Unanime il cordoglio della città nei primi giorni di gennaio 1963, per la scomparsa di mons. Giovanni Borsieri, da oltre trent'anni prevosto di Lecco. L'inclemenza del tempo (nevicava) non ha impedito una grande manifestazione di affetto verso il "prevostino" che aveva saputo farsi volere tanto bene. Reggevano il fiocco del carro funebre il sindaco Rusconi, il presidente della Provincia Aldo Rossi, il medico curante Domenico Colombo, don Luigi Bellada, mons. Delfino Nava, don Luigi Oggioni. La città era tappezzata da manifesti a lutto affissi dall'Amministrazione Comunale e dalla parrocchia della Basilica di San Nicolò.
Un importante evento culturale si prepara per la primavera 1963, a Lecco. L'Azienda di Turismo ed il Centro di Cultura organizzano una grande mostra antologica del pittore concittadino Ennio Morlotti, vincitore del premio Comune di Venezia alla Biennale internazionale d'Arte. L'esposizione ha luogo nella nuova sede dell'Azienda Turismo, in via Sauro dal 17 marzo al 15 aprile. Il catalogo viene edito dalla Casa Editrice Odyssia di Roma, a cura del critico Carlo Volpe, con prefazione di Giacomo De Santis. Il comitato esecutivo è formato da Angelo Beretta, Eligio Cesana, Alberto Consonni, Paolo Dell'Oro, Giacomo De Santis, Aldo Paramatti, Marino Sottocornola. Presidente dell'Azienda Turismo è Gianni Discacciati, presidente del Centro di Cultura Bruno Furlani.

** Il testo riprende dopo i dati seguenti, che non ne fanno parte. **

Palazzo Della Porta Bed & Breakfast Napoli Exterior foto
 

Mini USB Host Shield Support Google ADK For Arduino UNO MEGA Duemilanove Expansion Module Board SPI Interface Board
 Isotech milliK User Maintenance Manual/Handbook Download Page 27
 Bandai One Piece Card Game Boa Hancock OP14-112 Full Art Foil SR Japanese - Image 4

Ha inizio la campagna elettorale per le politiche di primavera e giunge la notizia che sta per chiudere la filiale di Lecco della Banca d'Italia. Era stata aperta nel 1913, 50 anni prima. "Singolare destino, quello di Lecco - scriveva un settimanale - quando la sua importanza economica era poco più che modesta, il borgo disponeva di un insieme di servizi pubblici non inferiori a quelli di un capoluogo di provincia. Ora che la città ed il suo territorio si sono enormemente sviluppati nel campo delle industrie, dei commerci e dei traffici, la situazione si è capovolta. Avevamo, per esempio, una Sottoprefettura, che ora non c'è più; avevamo una Camera di Commercio: è stata abolita; esisteva una Dogana, che un bel giorno è scomparsa e solo dopo lungo piangere ci è stato dato quest'anno il contentino di una sezione doganale, costretta, peraltro, ancora in una sede provvisoria. L'ultimo colpo riguarda ora la Banca d'Italia".

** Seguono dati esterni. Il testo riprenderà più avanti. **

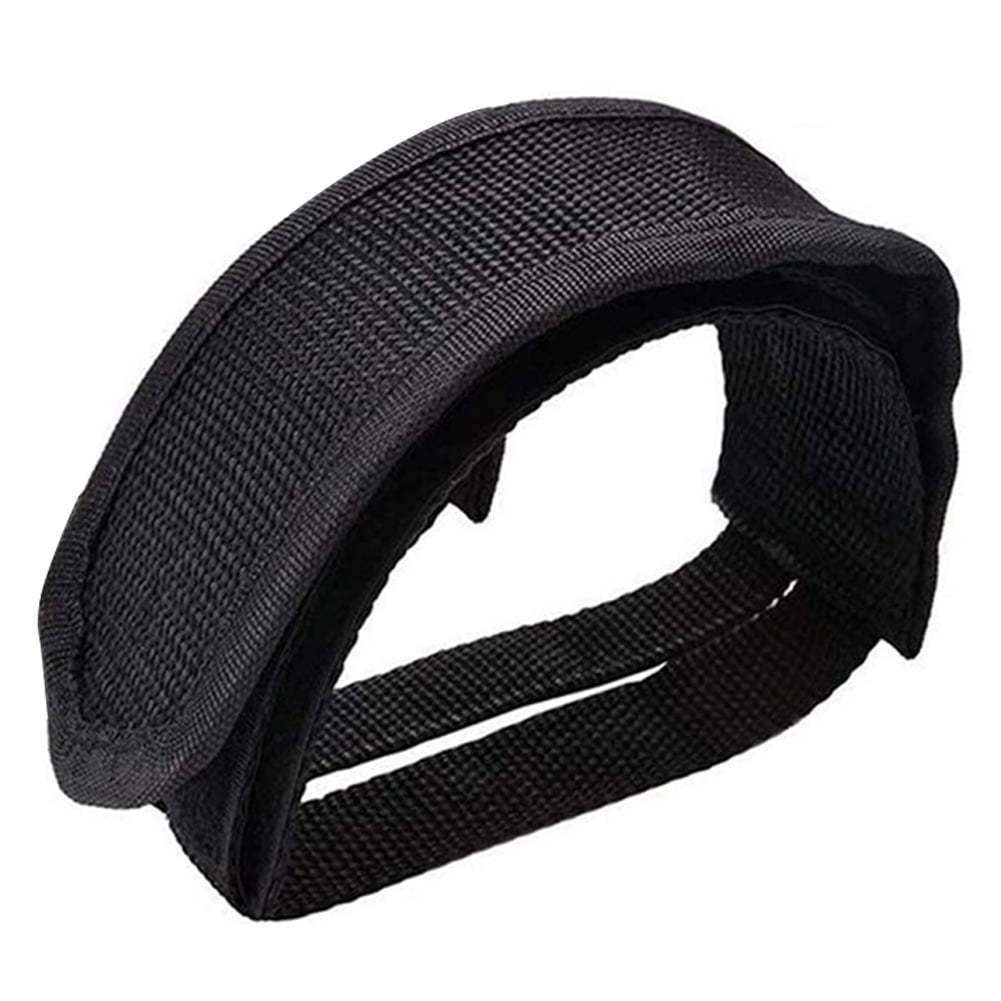 Zhuitw AntiSlip Bicycle Extended Foot Pedals Bands Straps Bike Fixed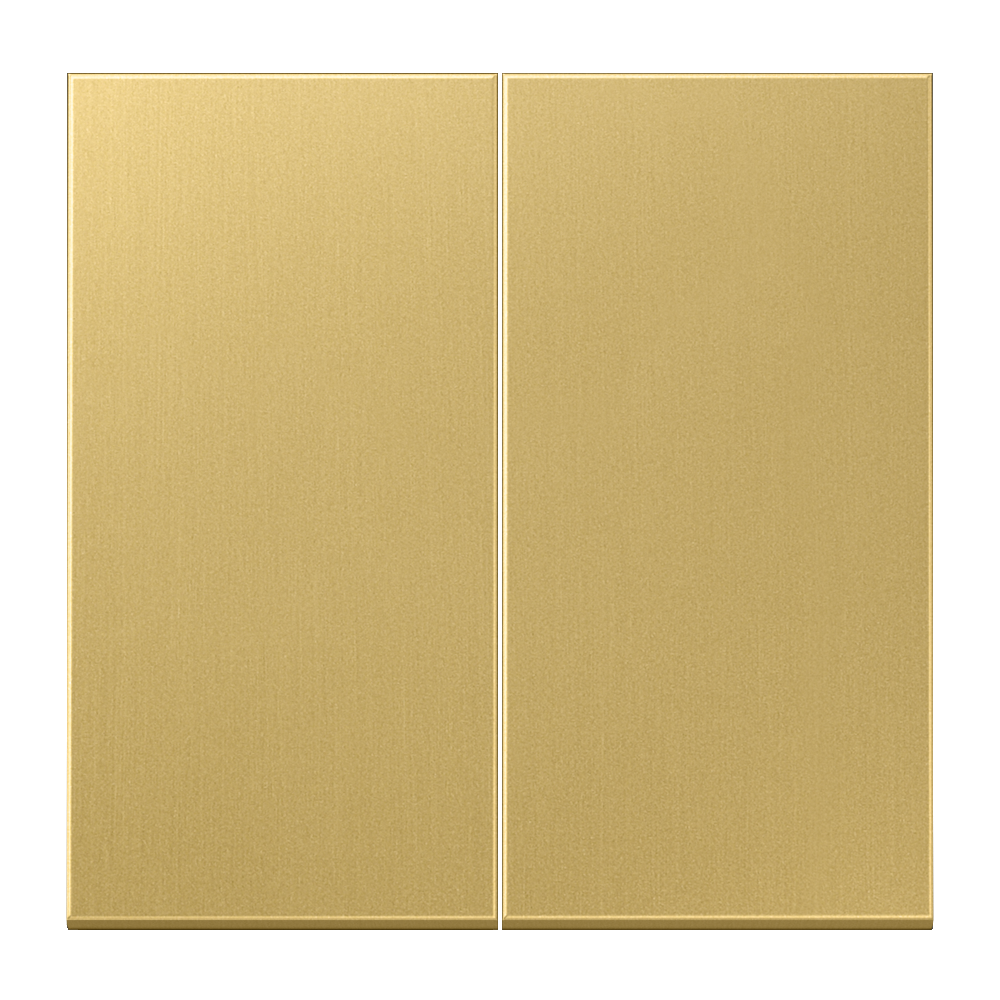 JUNG Bedienelement 2f ms m.Abd mt LS ME 1702 C f.Dimmeins f.Schalteins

Si vota per il Parlamento della Repubblica il 28 aprile 1963. La campagna elettorale diventa praticamente un referendum pro o contro il centro-sinistra: vale a dire l'apertura o l'alleanza della D.C. con il P.S.I. Il movimento ai seggi elettorali avviene in modo ordinato e tranquillo. La notizia dei tentativi dinamitardi avvenuti a Milano ed a Cesano Maderno intensifica ovunque la sorveglianza. Nella notte pattuglie di Carabinieri hanno istituito posti di blocco lungo le arterie di maggior traffico. E' opinione diffusa che gli attentati al plastico si debbono attribuire ad estremisti altoatesini venuti in Lombardia con lo scopo di provocare disordini in occasione delle elezioni. Presso il Commissariato di Pubblica Sicurezza di corso Martiri giunge un gruppo di giovani guardie della Scuola Allievi di Cesena; formano una squadra di pronto impiego in caso di incidenti.
Nel corso della primavera hanno avuto inizio i lavori della nuova Superstrada 36, nel tratto della sponda lariana, verso la provincia di Sondrio. Sono interessati i primi chilometri, dalla località Caviate di Lecco alla zona Torraccia di Abbadia Lariana.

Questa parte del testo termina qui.